States vs. Feds on Pot

Now that voters in Colorado and Washington have legalized possession of small amounts of pot by adults, the other 48 states are scrambling to get in on this bonanza before all their residents pick up stakes and head for Denver and Seattle.

No, of course not. Now Colorado and Washington officials are scrambling to figure out how they can possibly get legal pot to their very impatient citizens without bringing the full wrath of the federal government down on their heads permanently.

Or maybe not. Maybe the feds will take one look and decide it's too much trouble to try to arrest however many million people will soon be living in Colorado and Washington, so we'll just pretend nothing's going on there and keep arresting all the pathetic half-ounce-of-weed users in states happy to lock 'em for life.

That would actually be the worst decision for every citizen in every state, not just the pot users. 
 

I'm all in favor of legalizing marijuana and all drugs. Tax the fuck out of 'em and use the money to fund 10 million treatment beds.
 
Here's the problem: Once you allow states to nullify stupid, wasteful federal laws (and gay marriage does not nullify federal law; all DOMA does is deny federal benefits to same-sex couples), you allow states to nullify smart, essential federal laws.
 
Like anti-pollution laws that ensure clean air and water.  Like food-safety laws that ensure food won't kill us.  Like anti-discrimination laws that ensure minorities can patronize restaurants and hotels.
 
You think Texas wouldn't leap to nullify every single business regulation on the books?

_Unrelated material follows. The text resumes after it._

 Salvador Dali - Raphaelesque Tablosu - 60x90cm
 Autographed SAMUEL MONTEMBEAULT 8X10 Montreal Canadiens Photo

Kentucky wouldn't nullify every coal-mining safety law?  Florida wouldn't pave the Everglades?
 
You want to change federal law on marijuana, fine: change federal law on marijuana. But don't just neglect to enforce federal marijuana laws in states that have decriminalized it. Do that, and before you know it, the motherfuckers will be mining coal in my basement.
 
It's been over a month since voters in Colorado and the state of Washington approved ballot measures to legalize recreational use and sale of marijuana, despite federal law that reaches a very different conclusion. Yesterday, President Obama addressed the discrepancy for the first time.
President Obama says recreational users of marijuana in states that have legalized the substance should not be a "top priority" of federal law enforcement officials prosecuting the war on drugs.
"We've got bigger fish to fry," Obama said of pot users in Colorado and Washington during an exclusive interview with ABC News' Barbara Walters.
"It would not make sense for us to see a top priority as going after recreational users in states that have determined that it's legal," he said, invoking the same approach taken toward users of medicinal marijuana in 18 states where it's legal.
The president added that this is a tough problem, because Congress has not yet changed the law." He told ABC, "I head up the executive branch; we're supposed to be carrying out laws. And so what we're going to need to have is a conversation about, how do you reconcile a federal law that still says marijuana is a federal offense and state laws that say that it's legal?"

SNIP
Congressional intervention is needed and practically inevitable. Sen. Patrick Leahy (D-Vt.) said yesterday the Senate Judiciary Committee is planning a hearing early next year to examine the legal ambiguities and consider legislative options.